Republican presidential candidate Donald Trump applauds during a rally, Thursday, June 2, 2016.
Republican presidential candidate Donald Trump applauds during a rally, Thursday, June 2, 2016.

Presumptive Republican U.S. presidential candidate Donald Trump reacted strongly Thursday night to the blistering foreign policy speech Democratic presidential frontrunner Hillary Clinton delivered earlier in the day in which she attacked Trump, saying he "is temperamentally unfit to hold an office that requires knowledge, stability and immense responsibility."

"My temperament is so much tougher, so much better than hers," Trump countered in his evening address in San Jose, California. He said "Lyin', Crooked Hillary" had "made up" his foreign policy.

Hours before Trump's speech, Clinton emphasized her own experience as first lady, senator and secretary of state, saying she would provide the steady diplomacy the country needs. She said, "It's not hard to imagine Donald Trump leading us into a war just because somebody got under his very thin skin." 

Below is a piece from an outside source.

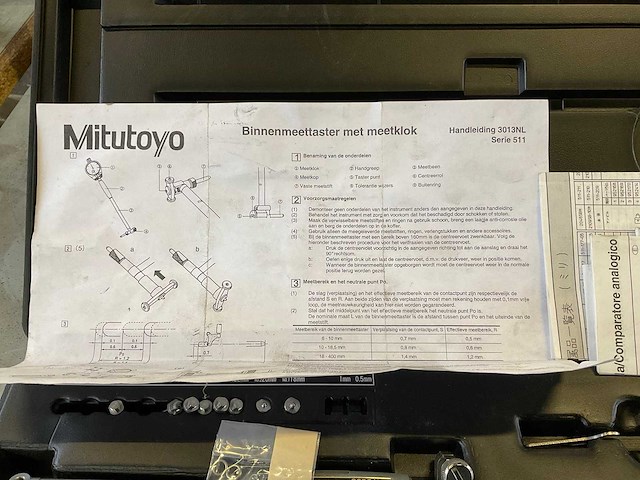 Mitutoyo binnenmaatmeter - afbeelding 3 van  3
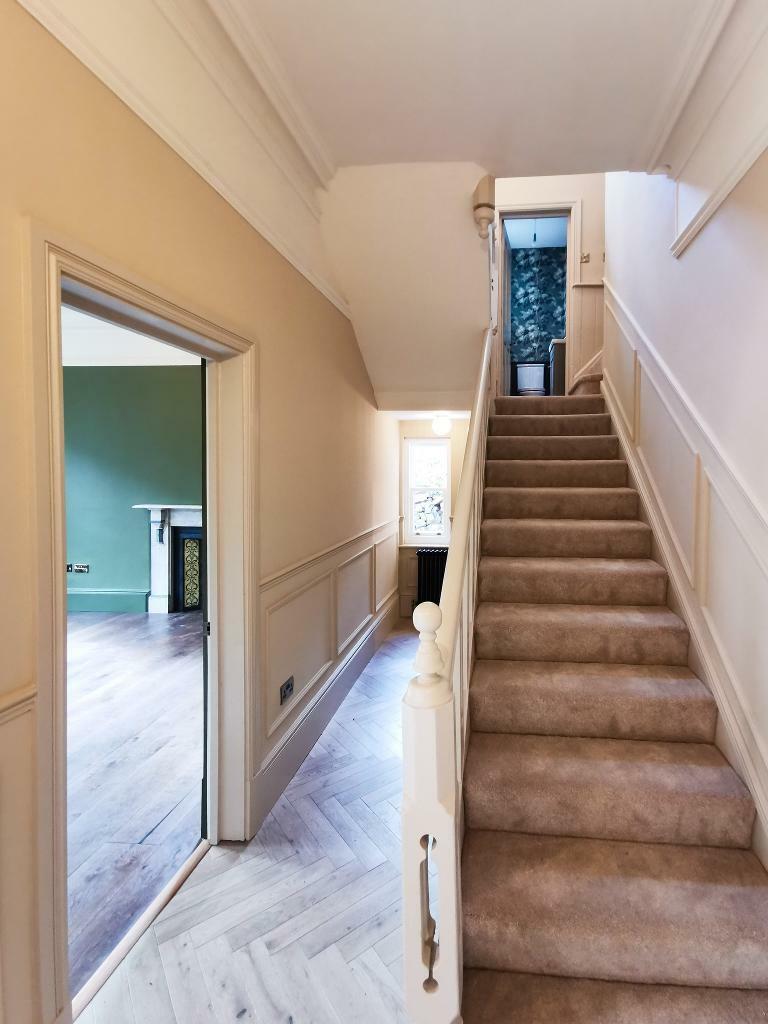 Stairs and hallway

In response, the billionaire mogul said of Clinton's speech it was "hard to stay awake" during her address, adding Clinton could make a lot of money if she delivered speeches to insomniacs.

With public opinion polls showing terrorism as a major concern among Americans, Clinton targeted Trump's positions on the issue.

Trump vs. Clinton

Trump has promised to temporarily block Muslims from crossing U.S. borders. "The struggle against radical Islam also takes place in our homeland. There are scores of recent migrants inside our borders charged with terrorism. For every case known to the public, there are dozens more. We must stop importing extremism through senseless immigration policies," Trump said in a foreign policy speech in April.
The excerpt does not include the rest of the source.